Un cuadro sombrío que espantaría a muchos, que haría perder votos decisivos.
Solo entonces Carafa entraría en el juego, con el Cónclave en curso, como quien sale en defensa del orden y de una razón superior. Carafa el Conciliador.
Me dan ganas de echarme a reír.
Roma, 10 de noviembre de 1549
Paulo III Farnesio ha muerto. Se extingue una de las dinastías más influyentes de Europa.
Una larga agonía y ahora nadie respira, como congelados por la sensación de algo amenazante. No es cuestión ya de quién será la próxima familia que tenga en sus manos las riendas del poder pontificio, no es este ya el debate. Es el papel de la Iglesia, la concepción misma del poder que ella deberá ejercer. Estamos al final de una época y en el durísimo enfrentamiento entre dos facciones, dos formas enfrentadas de entender la Cristiandad.
Una sola cosa es cierta: que no hay vuelta de hoja.
Se acabó ya el alternarse de potentados familiares, el alinearse o separarse, ahora es la necesidad de mantener en equilibrio una constelación de fuerzas, aparatos y nuevas entidades que emergen con fuerza. La Iglesia luterana, Calvino y sus seguidores, la Inquisición, las órdenes de caridad, los jesuitas, con ese Ignacio que no da tregua a nadie. Y todo ello haciendo frente a la mudable fortuna de imperios, reinos, principados.
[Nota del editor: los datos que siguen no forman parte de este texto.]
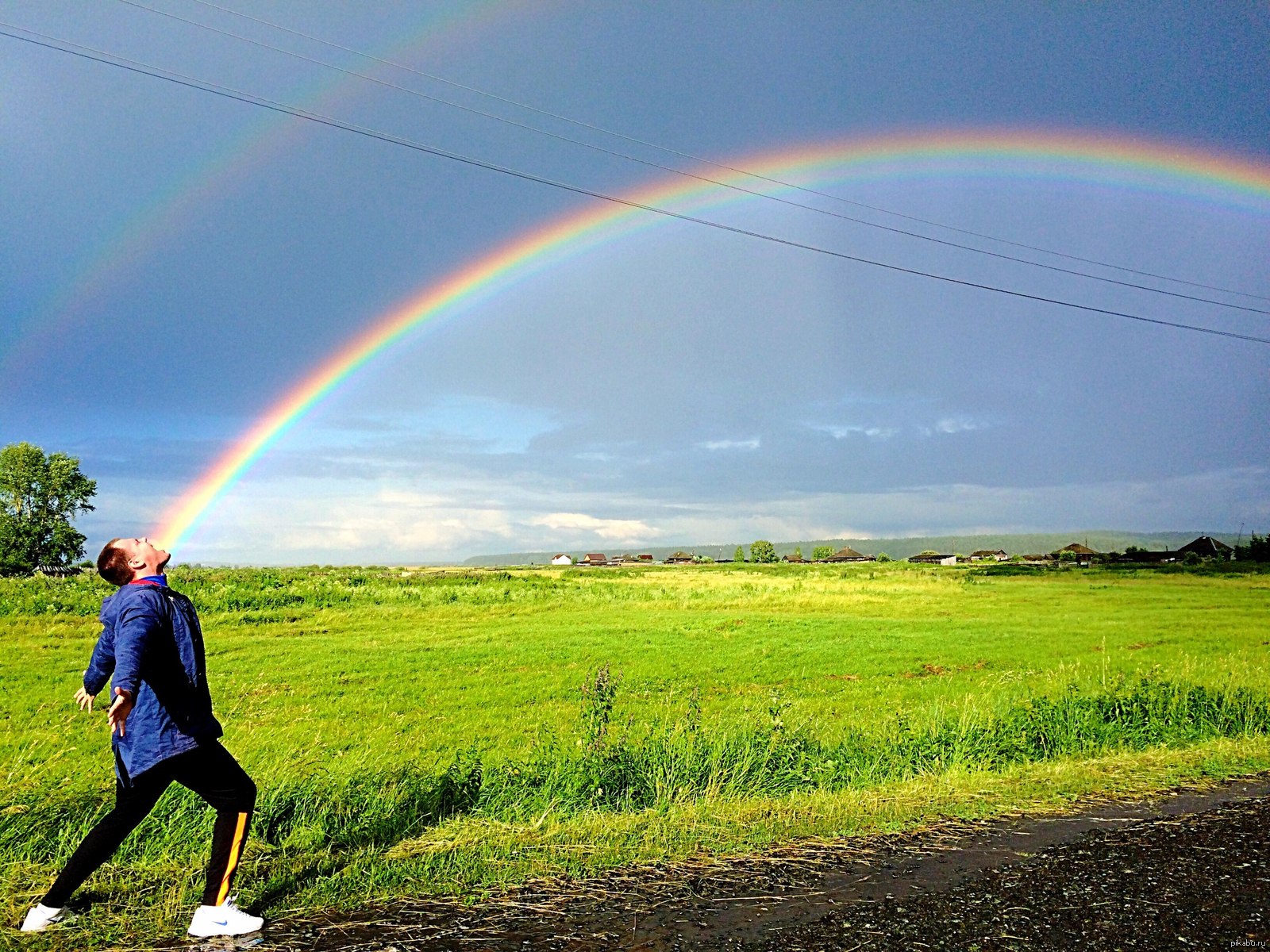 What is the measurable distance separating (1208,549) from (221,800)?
118553 millimetres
Por más que sean acérrimos adversarios y con miras distintas, tanto Carafa como Pole saben que la Iglesia deberá ser otra cosa respecto a lo que ha sido hasta ahora. Miran adelante, lejos de los viejos modelos.
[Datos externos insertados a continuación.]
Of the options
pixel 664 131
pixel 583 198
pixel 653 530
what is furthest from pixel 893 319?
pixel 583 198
Roma, 29 de noviembre de 1549
Los cardenales han entrado en el Cónclave. En las calles de Roma se apuesta por Pole, el favorito.
Yo he apostado en contra.
Siguiendo las directrices de Carafa me muevo por los corrillos de curas, clérigos, curiosos, tahúres y gente del pueblo que atestan las plazas. Los desoriento con las indiscreciones sobre los verdaderos autores de
El beneficio de Cristo
. No soy el único.
Los espirituales tratarán de resolver la partida enseguida, aprovechando el hecho de que los cardenales franceses se retrasan. Un trayecto difícil el suyo, tanto por tierra como por mar, a través de los territorios del Emperador que obstaculiza su llegada.
No salen los números para contrarrestar a los espirituales, Carafa tendrá necesidad de infundir todo su proverbial temor en el corazón de los indecisos.
Roma, 3 de diciembre de 1549
Fumata negra. Veintiún votos para Pole. Necesita veintiocho para alcanzar los dos tercios necesarios.
Cómo consiguen salir las noticias de aquí dentro no deja de ser un misterio, pero no cabe ninguna duda de que por lo menos un par de veces al día llegan puntuales y detalladas.
Roma, 4 de diciembre de 1549
Fumata negra. Pole ha obtenido veinticuatro votos. El consenso aumenta, pero corre el rumor de que los cardenales franceses están a punto de llegar. Si Carafa consigue retrasar la elección de Pole un día más, el inglés podría quedar fuera de juego.